Interesting Facts About Peterhof’s Fountains
On August 20, 1721, the fountains and cascades of Peterhof were launched for the first time. The aquatic structures of Peter the Great’s summer residence, ‘the capital of fountains’, are truly unique. Every year, millions of tourists come to see them. We have made a selection of interesting facts and trivia concerning Peterhof’s fountains.
1. The fountain complex took more than a century to build.
During this time, four cascades and 173 fountains have been set up. The idea of its creation belongs to Peter the Great. The emperor, who won sea access for Russia for the first time in centuries, set out to build most amazing buildings on the shore of the Gulf of Finland.
The fountain complex in Peterhof is considered to be the most exquisite in the world.
2. Initially, the legendary fountain complex wasn’t planned for Peterhof.
Instead, the works had begun in Strelna. However, there were some problems. To operate the fountains around the clock, the water level had to be raised by 10 meters. This would’ve flooded the basins of the rivers Strelka and Kikenka, because dozens of square kilometers to the south of Peterhof road were below the chosen level.
The problem could be solved by hydraulic structures, but Peter did not want to spend money on them. And was it even worth overpaying, if the landscape to the west of Strelna was perfectly shaped by nature as a constant water supply? B. Minich, a hydraulics engineer, dared to speak against the will of the emperor. He used his calculations to prove the impossibility of ‘water extravaganza’ in Strelna and advised Peter to move the construction to Peterhof.
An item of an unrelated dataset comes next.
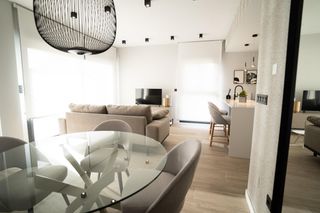 Casa a Los Almendros. Obra nueva  bungalow en villamartin con piscina, solarium y gara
3. Peterhof’s fountain complex is one of the most grandiose in the world.
It was built to rival Versailles, created under Louis XIV in France. Water structures of Peterhof are considered to be the most elegant.
Peter wanted Peterhof to exceed the most famous royal residences of Europe in splendor, becoming a triumphal monument to Russia’s struggle for access to the Baltic. Both goals had been spectacularly accomplished.
4. Greatest damage to the fountains of Peterhof was caused during the Second World War.
The summer residence of Peter the Great was almost completely destroyed by artillery. Before the arrival of the German troops, over 8 thousand items of furniture and about 50 statues were evacuated from the palaces. However, not all were saved. Four largest sculptures went missing: the Samson, the Tritons, the Volkhov, and the Neva. There was no time left to evacuate them.
5. Restoration of Peterhof continues to this day. And it began in 1944!
The last large-scale reconstruction of the Grand Cascade lasted for seven years, ending with a festive launch in 1995. Work is underway now in the Great Palace, Monplaisir, Marly, and Cottage Palace.
6. The peculiarity of Peterhof’s fountains is their water supply system.
Unlike Versailles where expensive waterworks had been built, Peterhof lets the water ‘flow its course.’ The creation of the water supply system was entrusted to master Vasily Tuvolkov who studied abroad. The system he invented was based on the principle of communicating vessels. He had built the locks and the canal by which the water from Ropshinsky heights flows naturally to the storage pools of the Upper garden.
In this case, the height of the fountain jet depends on the difference between the level of the reservoir and the fountain itself. That’s why it was possible to arrange only small-height fountains in the Upper garden, whereas in the Lower park the water rushes to 16-meter height.